Especulaciones a manera de respuesta han hecho discurrir ríos de tinta a lo largo de treinta años. Habría tomado parte de algún esporádico reencuentro de The Beatles en los ochenta y noventa, como en efecto hicieron Paul, George y Ringo, alegan unos. Se hubiera divorciado de Yoko Ono, la bruja oriental que de pura entrometida desencadenó la ruptura del cuarteto de Liverpool, imaginan otros. Los más truculuentos lo ven muerto de alguna sobredosis en los noventa. Es un ejercicio entretenido el echar a andar la imaginación sobre lo que pudo ser y no fue. A esto se le llama ucronía. Es una actividad tan divertida como inútil: Lennon fue lluvia de ceniza derramada sobre los jardines del Central Park de Nueva York. A John Winston Lennon lo mataron el 8 de diciembre de 1980.

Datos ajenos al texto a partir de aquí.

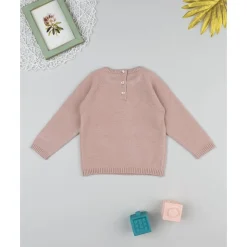 Jersey rosa de niña con gato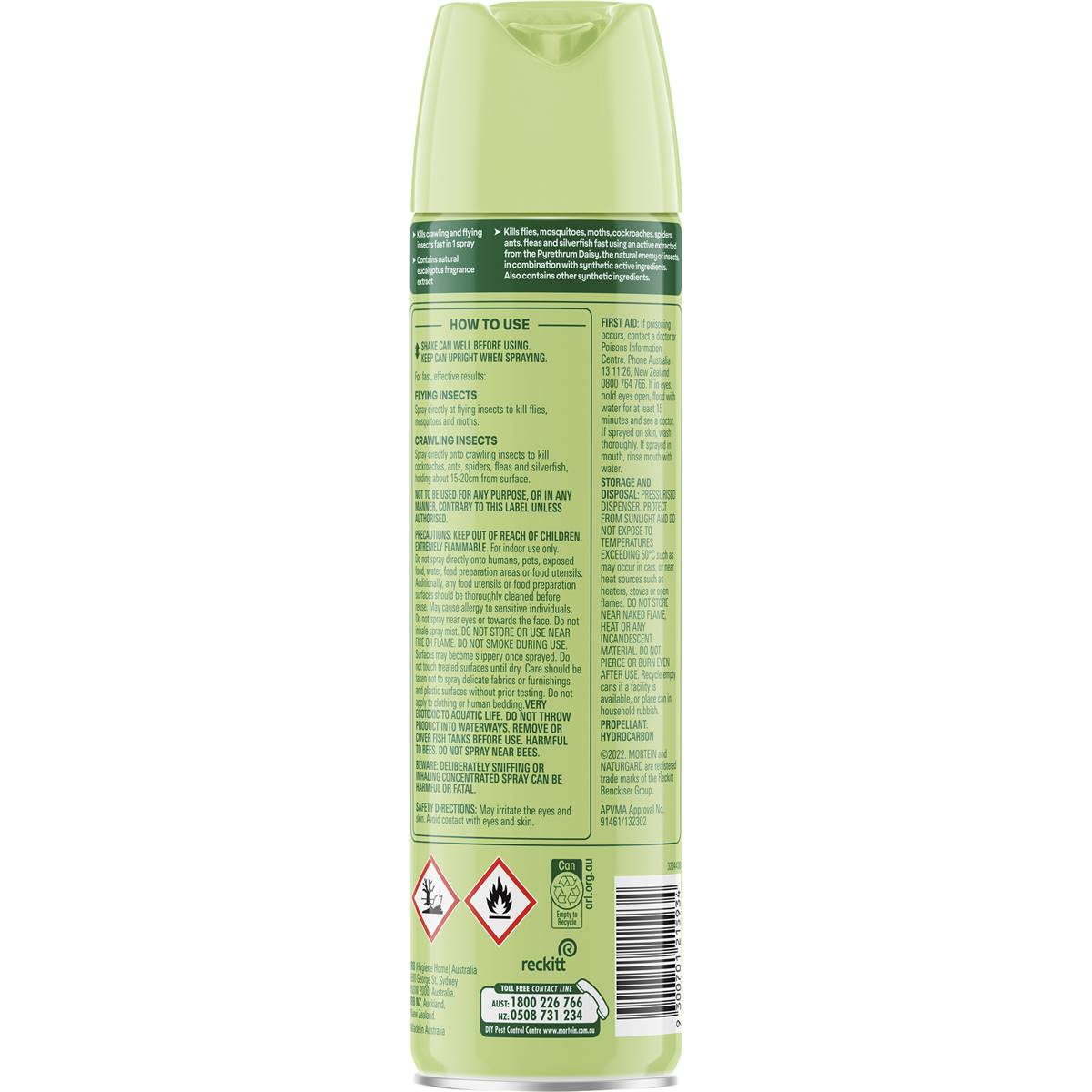 Mortein Naturgard Multi-Insect Spray 300g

David Mark Chapman le descerrajó cuatro tiros por la espalda poco antes de las once de la noche, cuando el británico estuvo a punto de traspasar el umbral del edificio Dakota. Horas antes, John le había firmado un autógrafo que, según el propio Chapman, era un mero garabato ininteligible. La furia no lo llevó a victimar a su ídolo, fue algo más que eso: un ideal profusamente soñado, el deseo de trascender con Lennon, de formar parte de su historia. No se conformaba con ser un admirador más. Si Julia por ser su madre había merecido una canción desgarradora y acaso culpable en su etapa de solista, él, sin música ni letra, ambicionaba con entrar subrepticiamente en el legajo vital del autor, que su nombre se recordase tanto como el de la progenitora: “Ella le dio la vida y yo se la quité”. Indisolubles los tres. Desafortunadamente, consiguió su propósito.
Para diciembre de 1980, Lennon distaba de ser el barbudo y desbocado profeta musical de la paz, que se emparentó con la cultura hippie de finales de los sesenta y principios de los setenta. Años antes, ‘Imagine’ había sembrado en muchos melenudos la utopía de la hermandad humana más allá de los linderos de la geografía y de la piel. Era, desde luego, un mensaje manoseado que, cantado por él, sonaba persuasivo e innovador. A fines de los cincuenta, había jugado al transgresor y ensayaba piruetas a lo Presley sobre la tarima de un escenario escolar con su grupo The Quarrymen, al que se uniría Paul McCartney y, tiempo después, George Harrison.
Hoy, con cuarenta años encima, le cantaba a cosas más cercanas y alcanzables: el amor de su propia mujer en ‘Woman’, la vívida experiencia de ser padre de Sean en ‘Beautiful boy’ (lo que no pasó con Julian en sus tiempos de Beatle), o al simple hecho de vivir sin más pretexto que una letra divertida y un sonsonete contagioso, como en ‘Starting over’. Sin dejar de soñar, fue más cotidiano. Tiempo atrás le cantó al fin de la guerra de Vietnam con arrumacos de villancico en ‘Happy Christmas (war is over)’. Asomaba un Lennon más perspicaz mientras McCartney canturreaba con Linda (su esposa), y un Harrison, virtuoso con las cuerdas pero de poca creatividad, plagiaba a The Chiffons para hacerse de un éxito con ‘My sweet Lord’.
John pronosticaba un mejor tiempo para su música. Creía que los cuarenta le sentarían bien y lo ayudarían a madurar como cuando, abatido por la soledad de los burdeles y de los clubes neoyorquinos, rugió el regreso de su bienamada Yoko bajo las notas de un aflautado ‘Stand by me’.
Muchos proyectos visitaban de continuo la prolífica mente de Lennon. El 17 de noviembre había publicado su álbum ‘Double Fantasy’, el más logrado de su carrera de solista. Y tras una ardua sesión de grabación que le supuso toda la tarde y parte de la noche, regresaba por fin a descansar entre el amor de Yoko y de su hijo Sean. Próximo a la reja de entrada, lo aguardaba el gordito bonachón a quien horas antes había dedicado un disco. Lennon lo evade. El sueño lo está venciendo y él sólo quiere cruzar esa reja para descansar bajo la calidez del hogar.
Cinco disparos rompen la noche, de los cuales cuatro le impactan en la espalda. Lennon cae de bruces contra el pavimento gris y, con él, el telón de una vida controvertida y fructífera que marcó a toda una generación; una vida que sigue cosechando adeptos en las nuevas como sello distintivo de que los grandes artistas no tienen fecha de caducidad.